A la différence de nombre de ses congénères, Tahra Hembara est allée très tôt à l'école française où elle obtiendra son bac et bien plus tard, une licence en Economie à l'Université de Sorbonne. Auparavant, elle avait suivi des études coraniques qu'elle continue d'ailleurs d'entretenir. "Il faut mener sa vie comme on allait vivre éternellement et comme si la fin est prévue pour demain " dit-elle avec sagesse.

Et de compléter : " nous sommes venus au monde rien que pour vénérer le bon Dieu. Je le fais pour moi-même et pour le bon Dieu ".
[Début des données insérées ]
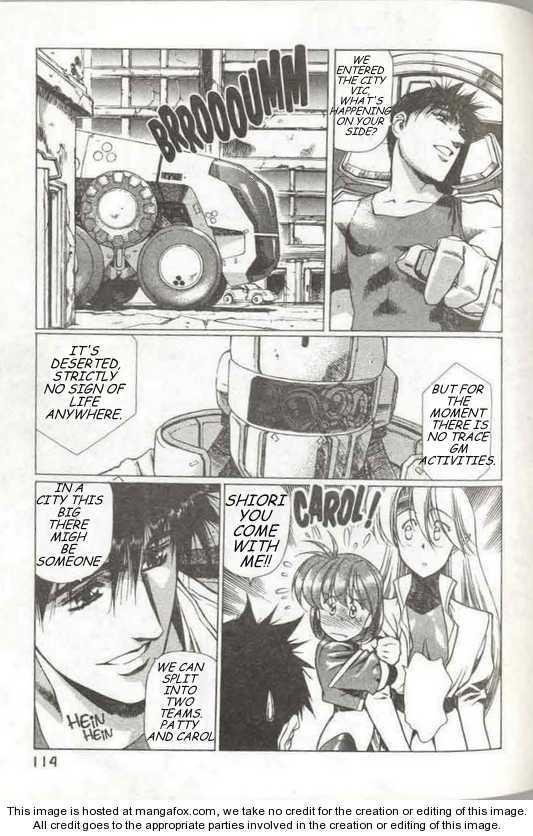 Chirality: The Promise Land Complete English compilation - Page 117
Svelte, respectueuse des hôtes, elle se décrit comme " une femme exigeante, fidèle, paresseuse, très gentille et nerveuse ". " Je déteste la trahison. Je pardonne très difficilement. Je n'aime pas le mensonge en tout cas pas délibérément " affirme Tahra Hembara qui soulignait : " le Prophète disait que le menteur ne fait pas partie de sa communauté… Idem pour les personnes qui font du mal. Personnellement, je ne supporte ni les premiers ni les seconds ".

Enfance.

Tahra reconnaît avoir vécu une enfance très heureuse entre les régions des Hodhs, Aleg, Boghé, Rosso et Nouakchott. " J'étais avec une mère d'une grande beauté, très marante qui avait un humour ravageur que j'adorai, que j'adore et que je vénère vraiment ". L'artiste a aussi vécu avec son père. Elle garde de grands souvenirs de son petit frère Dahha, mort à l'âge de 8 ans électrocuté. "C'était mon frère et c'était mon ami " affirme-t-elle.

Début dans la profession.

Tahra Hembara a eu des débuts de carrière difficile dans la musique. " Je n'ai jamais connu de musique, ni de près, ni de loin. Parce que chez moi dans les années 60 on ne pouvait pas écouter de la musique. Seules les personnes de la même génération pouvaient le déguster, releva-t-elle en substance, notant " chaque fois qu'il y avait une entame de musique on y mettait fin. Malgré tout, un peu plus tard, j'ai été attirée par la musique.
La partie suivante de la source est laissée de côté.